One of the biggest hallmarks of the Yakuza franchise is the minigames and side content, and while the jump to a new engine might have lead to some past activities from older games being left out, (bowling, pool, and card games to name a few) there are still a ridiculous amount of things to do in Yakuza 6. You can invest a multitude of hours into all the minigames alone, with inclusions like fishing, baseball, mahjong, darts, karaoke, chatting online, the hostess club, and even running around to find kittens for a cat-cafe. Being a SEGA game also means that the classic arcade is back, letting you have access to full games of OutRun, Space Harrier, Super-Hang-On, Fantasy Zone, Puyo Puyo and Virtua Fighter 5, with the latter two including a 2-player local option as well, which you can access from the main menu. Besides that, there's the new Clan Creator mode, which lets you make your own gang, and deploy your members against the enemy gang JUSTIS in an RTS-styled subgame. Yakuza 6 is packed to the brim with things to do, and nearly all of them are enjoyable. 

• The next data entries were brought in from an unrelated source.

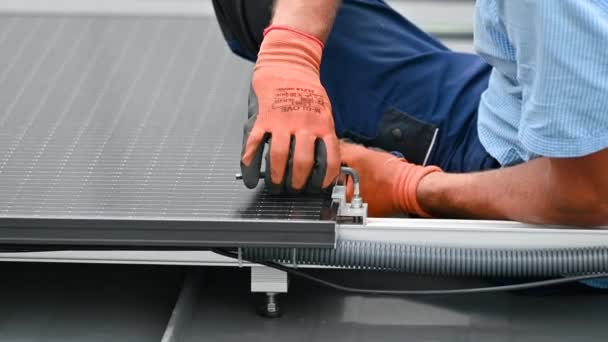 工人在房顶上建造光伏太阳能电池板系统 在室外用六角钥匙安装太阳能组件的手套中的人类工程师的近视 可再生能源生产概念 — 图库视频影像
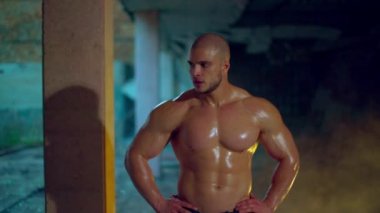 Çıplak gövdeli atletik bir adam tatbikattan sonra yıkılmış bir binada duruyor.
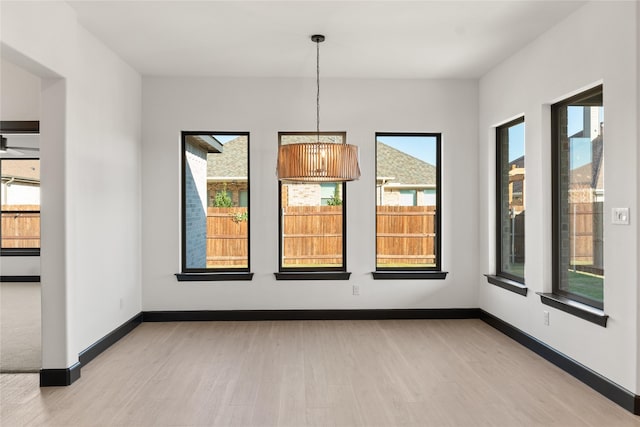 unfurnished dining area featuring plenty of natural light and light hardwood / wood-style floors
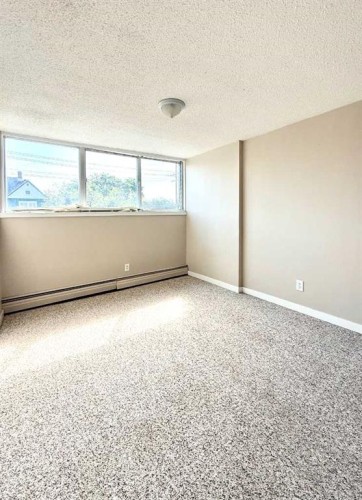 209-4820 47 Avenue, Red Deer, AB - Indoor Photo Showing Other Room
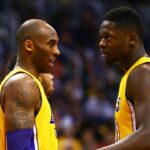 Los Angeles Lakers guard Kobe Bryant (left) and forward Julius Randle against the Phoenix Suns at Talking Stick Resort Arena. The Suns defeated the Lakers 119-107.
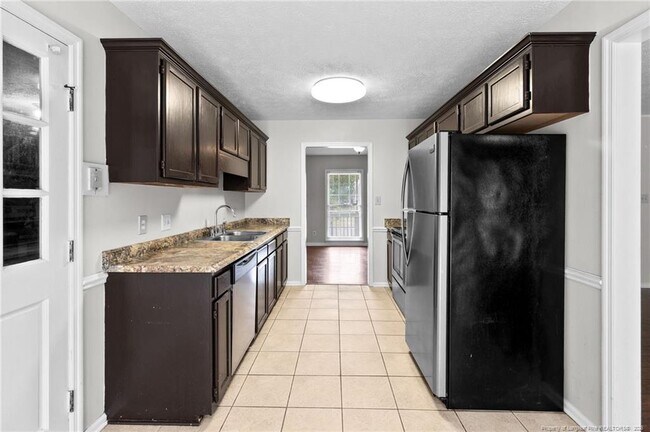 Building Photo - 6924 Woodmark Dr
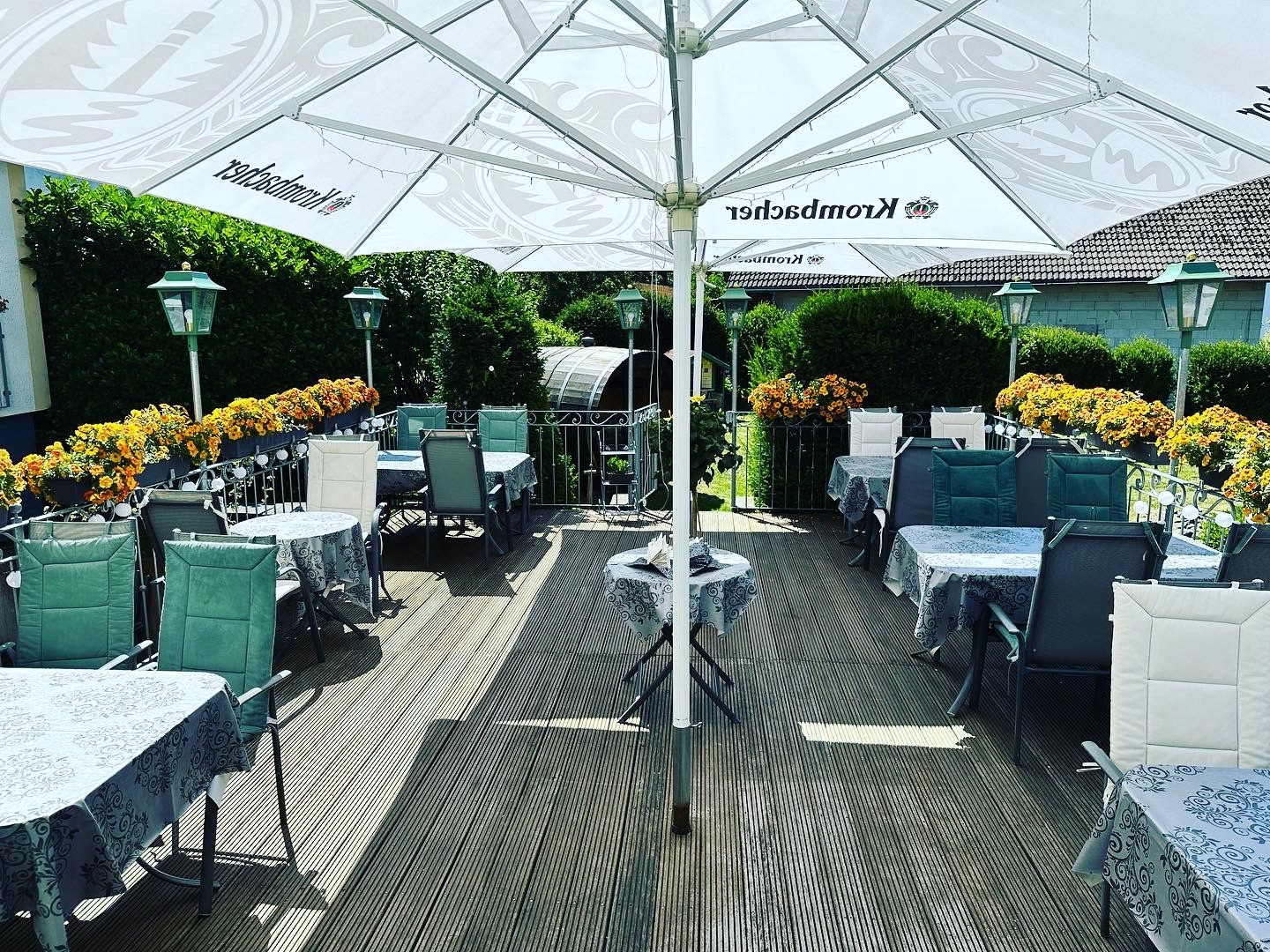 Un área de comedor al aire libre con mesas y sillas, cubierta por una sombrilla grande, rodeada de vegetación.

Completing side missions, eating at restaurants, taking out enemies in fights, finishing bonus objectives, and even playing games will cause Kiryu to gain skill points in one of five different attributes. You can use these points to level up base stats like attack, defense, health and evasion, as well as learning new combat maneuvers. While the fighting system itself still feels a little barebones, this customization helps lessen the issue.

SEGA has done a fantastic job on the localization for this game. The top-notch English translation, coupled with the original Japanese voice acting, of which many of its actors are famous Japanese stars, make for a quality cinematic feel. That, along with beautiful graphics and great sound design allow for some really stunning moments. 



Yakuza 6 is a great game overall, but there's a few things that hold it back from matching up to recent amazing Yakuza games like Yakuza 0, and if you've been playing the series from the start, you might come away feeling a little disappointed. In the end, we're left with a solid title, full of a myriad of fun content and entertaining sidequests, but one that also suffers from some weak combat gameplay and mild performance issues. If you don't mind those problems, Yakuza 6 is sure to be a fun romp, and a lovely way to send off Kiryu and end his story.

+ A large amount of fun sidequests, minigames, and content in general
+ The new engine doesn't require many loading screens
+ Detailed visuals and impressive graphical quality
- Reoccurring performance issues
- Combat can feel a little lacking
8 Presentation
The graphics, localization, and overall presentation of the game is great, and there are times where you can just marvel at how detailed the cities are here. A few negative quirks regarding the performance can take you out of the experience, but it doesn't majorly mar the game overall.
7 Gameplay
Perhaps the weakest link here, the gameplay is below average in terms of previous Yakuza games. It's still more than serviceable, but the improvements made to the engine as tradeoff don't feel worth the downgrades from Yakuza 0.
9 Lasting Appeal
The game is at its best during its side content, which is sure to keep players hooked for the 20+ hour journey. There are so many different quests and minigames, that you can get so absorbed to the point of forgetting there's even a main story. If you want to do everything there is to do in Yakuza 6, you're looking at upwards of a 50 hour investment.
out of 10
Overall (not an average)
Yakuza 6 is a wonderful, heartfelt conclusion to Kiryu's story, offering a hilariously fun and unique experience for both long-time fans and newcomers. While this isn't the best entry in the series, it's still an incredibly solid title that anyone with a PlayStation 4 should pick up.